* What to produce *
Give back, word for word, the line that contains "Рыбалка зимой на" and all lines after it in the material, through the last; please include only these.

* Data excerpt *
_ _ _ _ _
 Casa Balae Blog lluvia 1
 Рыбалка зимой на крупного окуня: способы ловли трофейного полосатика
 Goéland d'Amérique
_ _ _ _ _
* Solution to this task *
 Рыбалка зимой на крупного окуня: способы ловли трофейного полосатика
 Goéland d'Amérique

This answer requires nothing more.